▶ [Extracted entries]
::::::::

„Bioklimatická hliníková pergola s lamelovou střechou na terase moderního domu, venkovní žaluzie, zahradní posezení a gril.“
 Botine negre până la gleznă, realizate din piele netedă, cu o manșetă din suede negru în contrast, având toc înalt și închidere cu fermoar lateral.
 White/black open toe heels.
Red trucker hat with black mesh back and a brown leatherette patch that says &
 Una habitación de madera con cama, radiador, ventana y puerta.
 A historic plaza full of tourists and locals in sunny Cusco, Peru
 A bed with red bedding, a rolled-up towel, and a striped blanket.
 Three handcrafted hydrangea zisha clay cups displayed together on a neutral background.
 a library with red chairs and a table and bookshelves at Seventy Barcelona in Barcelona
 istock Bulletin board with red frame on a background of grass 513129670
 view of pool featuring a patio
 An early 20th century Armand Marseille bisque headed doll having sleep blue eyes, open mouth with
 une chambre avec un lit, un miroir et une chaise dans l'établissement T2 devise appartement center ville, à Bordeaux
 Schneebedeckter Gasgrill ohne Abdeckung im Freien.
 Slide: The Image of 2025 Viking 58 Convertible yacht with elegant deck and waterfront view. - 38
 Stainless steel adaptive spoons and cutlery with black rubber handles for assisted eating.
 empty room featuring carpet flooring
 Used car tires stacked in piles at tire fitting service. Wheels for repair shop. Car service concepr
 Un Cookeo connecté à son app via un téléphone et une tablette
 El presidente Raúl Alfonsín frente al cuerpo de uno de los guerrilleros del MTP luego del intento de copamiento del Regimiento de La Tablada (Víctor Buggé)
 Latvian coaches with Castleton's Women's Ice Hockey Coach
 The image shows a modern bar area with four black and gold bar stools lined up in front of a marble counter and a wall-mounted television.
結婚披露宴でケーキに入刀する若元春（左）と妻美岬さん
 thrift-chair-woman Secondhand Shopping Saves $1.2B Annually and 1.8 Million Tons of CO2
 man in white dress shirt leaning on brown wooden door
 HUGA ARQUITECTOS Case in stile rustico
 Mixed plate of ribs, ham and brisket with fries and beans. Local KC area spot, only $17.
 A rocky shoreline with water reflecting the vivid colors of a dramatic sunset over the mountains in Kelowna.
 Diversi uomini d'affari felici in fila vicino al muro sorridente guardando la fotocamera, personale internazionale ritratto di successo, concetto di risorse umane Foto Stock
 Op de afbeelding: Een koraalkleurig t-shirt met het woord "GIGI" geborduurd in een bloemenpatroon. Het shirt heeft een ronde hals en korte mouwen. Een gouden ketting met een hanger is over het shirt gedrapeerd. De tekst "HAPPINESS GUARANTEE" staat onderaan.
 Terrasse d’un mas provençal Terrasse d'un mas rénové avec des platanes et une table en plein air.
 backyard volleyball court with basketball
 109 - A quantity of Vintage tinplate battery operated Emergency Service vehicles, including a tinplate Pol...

::::::::

▶ [Task description]
Work through the data above line by line and give the number of lines in which "avec" occurs. Add nothing else.

▶ [Output for this exercise]
2